AI Progress Via Deep Learning and Other Recent AI Developments

Geoff Hinton joins Pieter in a two-part season finale for a wide-ranging discussion inspired by insights gleaned from Hinton’s journey from academia to Google Brain. The episode covers how existing neural networks and backpropagation models operate differently than how the brain actually works; the purpose of sleep; and why it’s better to grow our computers than manufacture them.

What’s in this episode:

00:00:00 – Introduction
00:02:48 – Understanding how the brain works
00:06:59 – Why we need unsupervised local objective functions
00:09:39 – Masked auto-encoders
00:10:55 – Current methods in end to end learning
00:18:36 – Spiking neural networks
00:23:00 – Leveraging spike times
00:29:55 – The story behind AlexNet
00:36:15 – Transition from pure academia to Google
00:40:23 – The secret auction of Hinton’s company at NuerIPS
00:44:18 – Hinton’s start in psychology and carpentry
00:54:34 – Why computers should be grown rather than manufactured
01:06:57 – The function of sleep and Boltzmann Machines
01:11:49 – Need for negative data
01:19:35 – Visualizing data using t-SNE

Complex Reasoning With Large Language Models

Arxiv – Least-to-Most Prompting Enables Complex Reasoning in Large Language Models

We propose a novel prompting strategy, least-to-most prompting, that enables large language models to better perform multi-step reasoning tasks. Least-to-most prompting first reduces a complex problem into a list of subproblems, and then sequentially solves the subproblems, whereby solving a given subproblem is facilitated by the model’s answers to previously solved subproblems. Experiments on symbolic manipulation, compositional generalization and numerical reasoning demonstrate that least-to-most prompting can generalize to examples that are harder than those seen in the prompt context, outperforming other prompting based approaches by a large margin. A notable empirical result is that the GPT-3 code-davinci-002 model with least-to-most-prompting can solve the SCAN
benchmark with an accuracy of 99.7% using 14 examples. As a comparison, the neural-symbolic models in the literature specialized for solving SCAN are trained with the full training set of more than 15,000 examples.

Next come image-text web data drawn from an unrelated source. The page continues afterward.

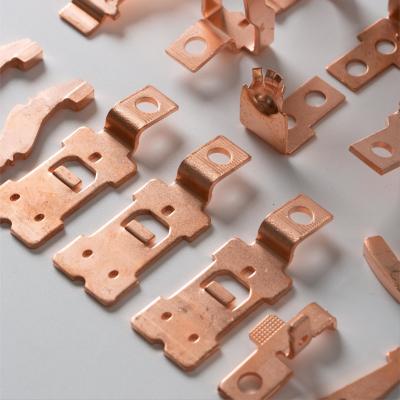 Cu-ETP Excellent Machinability And Ductility Of Copper Stampings
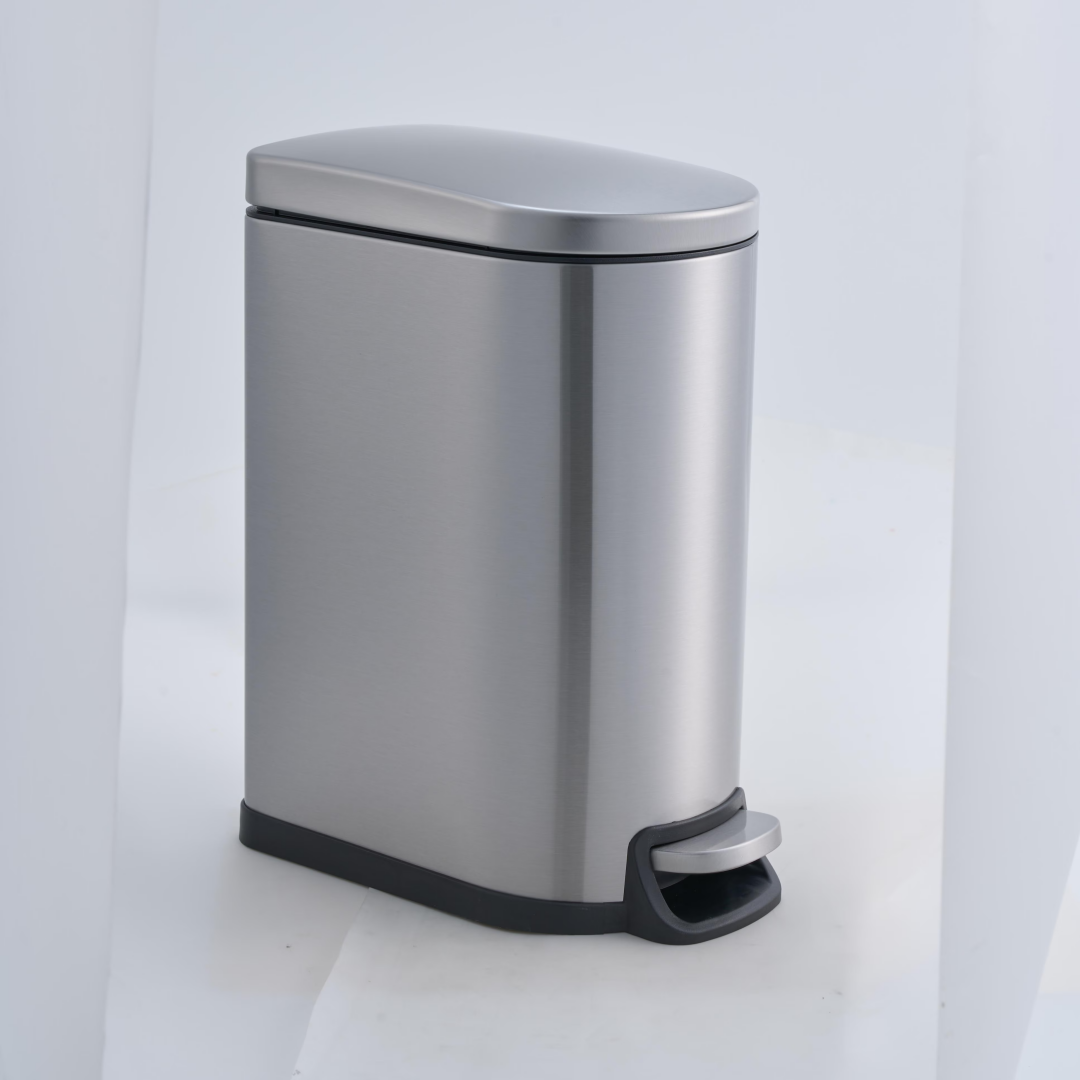 10l S, Stainless Steel Kitchen Trash Can, 10l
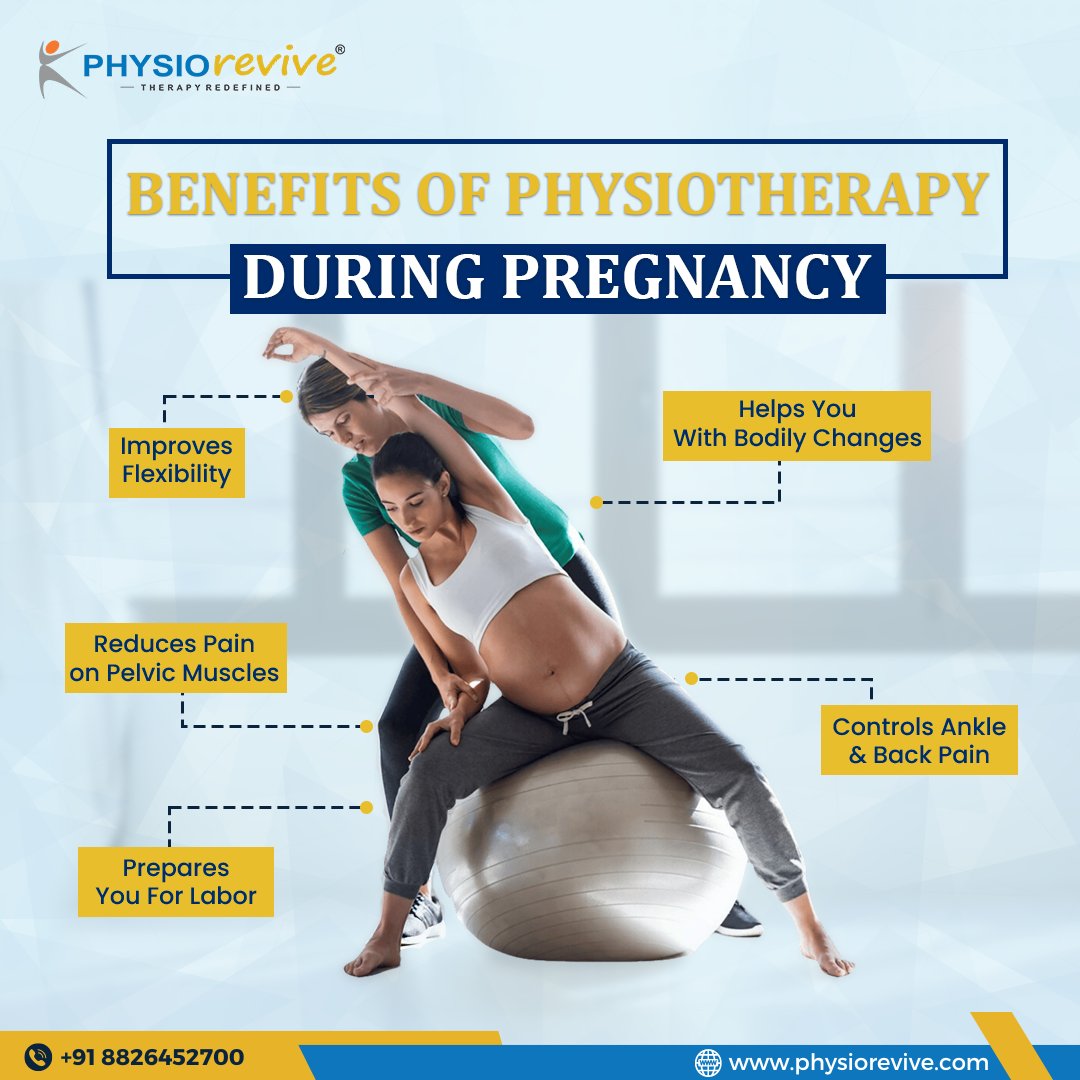 physiorevive's tweet image. Pregnancy + Physiotherapy = Mama&apos;s Happy Dance!
.
To Book an Appointment: 📲 +91 88264 52700
Visit our Website - 🌐 physiorevive.com
.
#womenshealthphysio #womenshealth #pregnancyexercise #pelvicfloor #postnatal #pregnancy #physiotherapy #physiorevive #prenatalexercise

META AI LeCun Proposes Six Module CommonSense AI

META LeCun proposed an architecture of six separate, differential modules that can easily compute gradient estimates of the objective function with respect to input and propagate the information to upstream modules. This common-sense architecture can help AI systems to achieve autonomous intelligence. The six modules are configurator, perception, world model, short-term memory, actor, and cost.

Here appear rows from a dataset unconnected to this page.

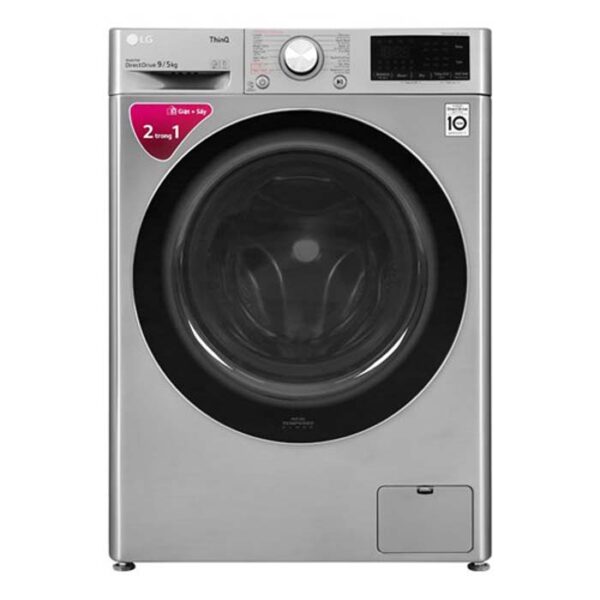 Máy giặt sấy LG FV1409G4V giặt 9Kg sấy 5Kg lồng ngang inverter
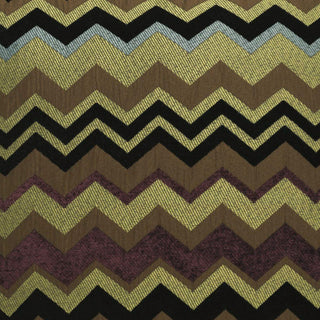 Chevron Pillow - Purple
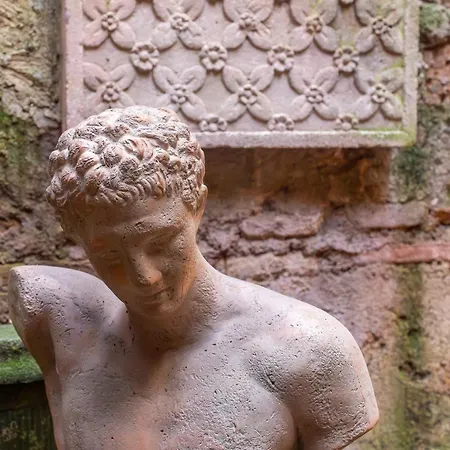아파트 Iflat Trastevere Secret Garden *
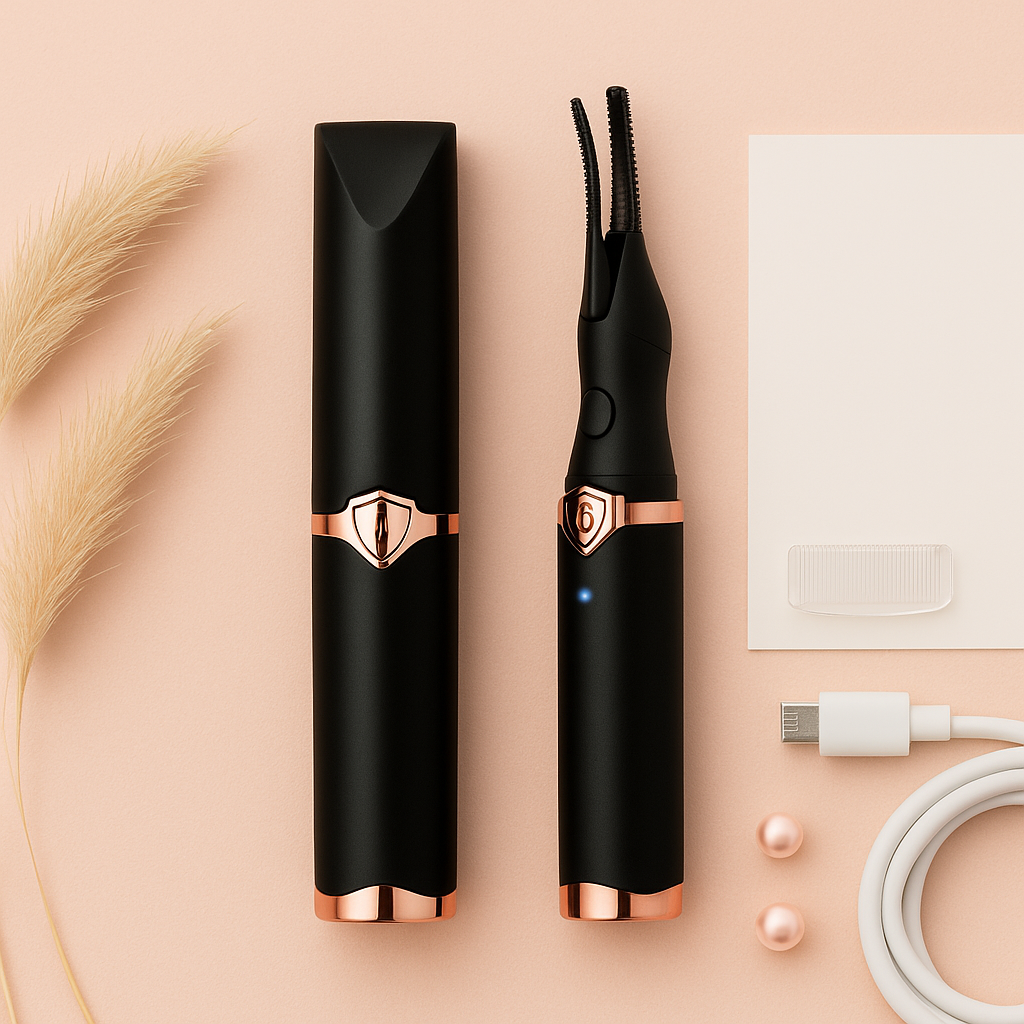 ✨️ Recourbe-Cils Chauffant Rechargeable — LASHIA PARIS
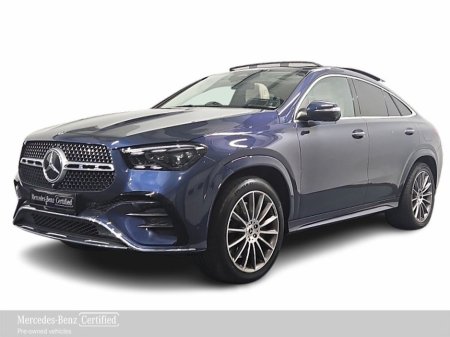 2024 Mercedes-Benz GLE Class 350De Premium Plus Coupe - High Spec 6.9% PCP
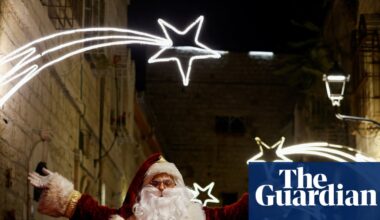 Why Bethlehem is celebrating Christmas again – podcast | West Bank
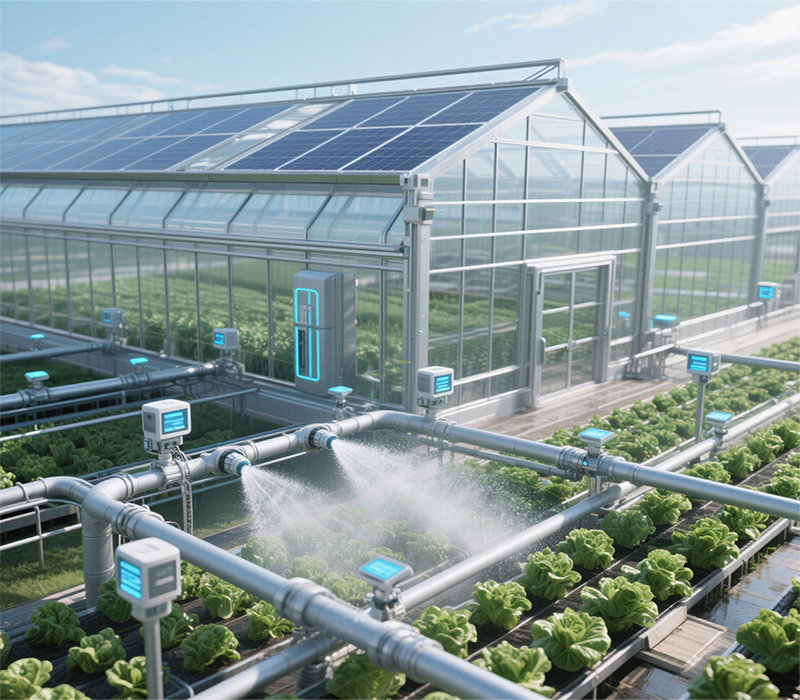 Trends in greenhouse automation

The configurator module is for executive control, like executing a given task. It’s also responsible for pre-configuring the perception, world model, cost, and the actor module by modulating the parameters of those modules.

The perception module receives signals from sensors and estimates the current state of the world, but only a small subset of the perceived state of the world is relevant and valuable for a given task.

The world model module has two roles, and it’s the most complex piece of architecture. The first role is to estimate missing information about the state of the world that is not provided by perception to predict the natural evolutions of the world. The second role is to predict plausible future states of the world. The world model module acts as a simulator to the task at hand. It helps represent multiple possible predictions.

The cost module predicts the level of discomfort of the agent and has two submodules: the intrinsic cost and the critic. The former submodule is immutable and computes discomforts like damage to the agent, violation of hard-coded behavioral constraints, etc.). The latter submodule is a trainable module that predicts future values of the intrinsic cost.

The actor module computes proposals for action sequences. “The actor can find an optimal action sequence that minimizes the estimated future cost and output the first action in the optimal sequence, in a fashion similar to classical optimal control,” LeCun says.

The short-term memory module keeps track of the current and predicted world state and associated costs.